▶ **EXERCISE AIM**
Skip the pictures and retype exactly the lines from the one holding "what color do pink and blue make in lights" through the end of the entries.

(Records from a data source)
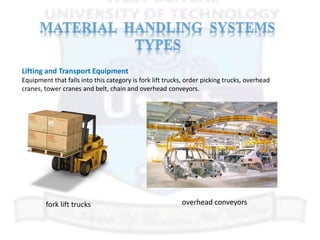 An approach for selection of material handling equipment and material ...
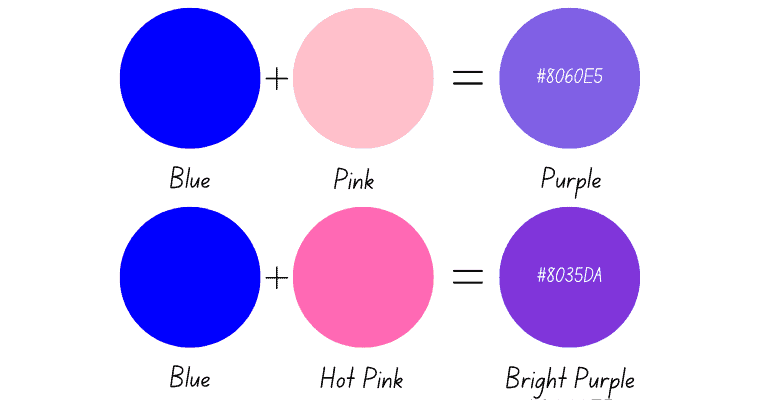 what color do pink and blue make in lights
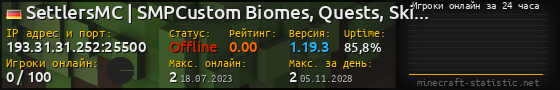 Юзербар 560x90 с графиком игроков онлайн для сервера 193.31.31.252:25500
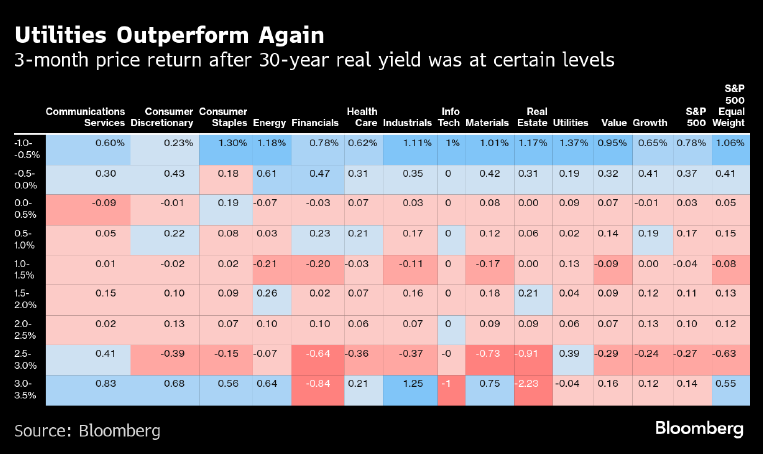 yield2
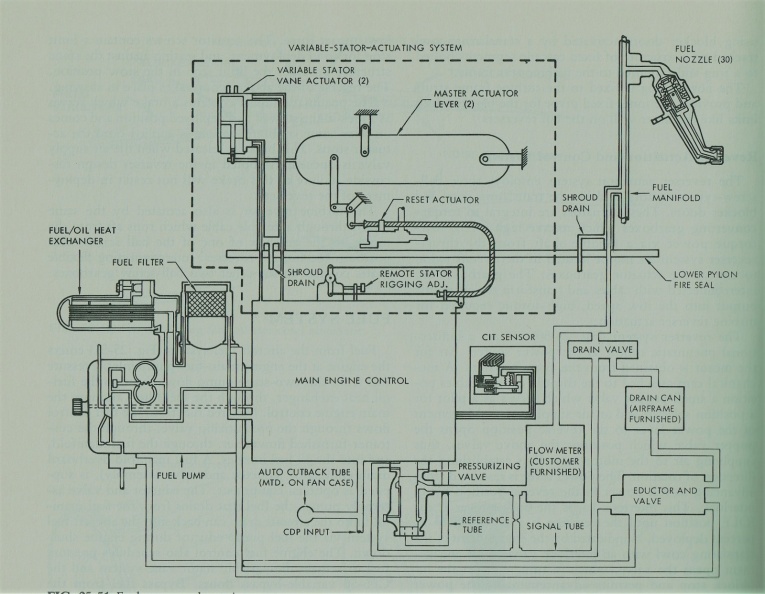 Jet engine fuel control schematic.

▶ **EXERCISE ANSWER**
 what color do pink and blue make in lights
 Юзербар 560x90 с графиком игроков онлайн для сервера 193.31.31.252:25500
 yield2
 Jet engine fuel control schematic.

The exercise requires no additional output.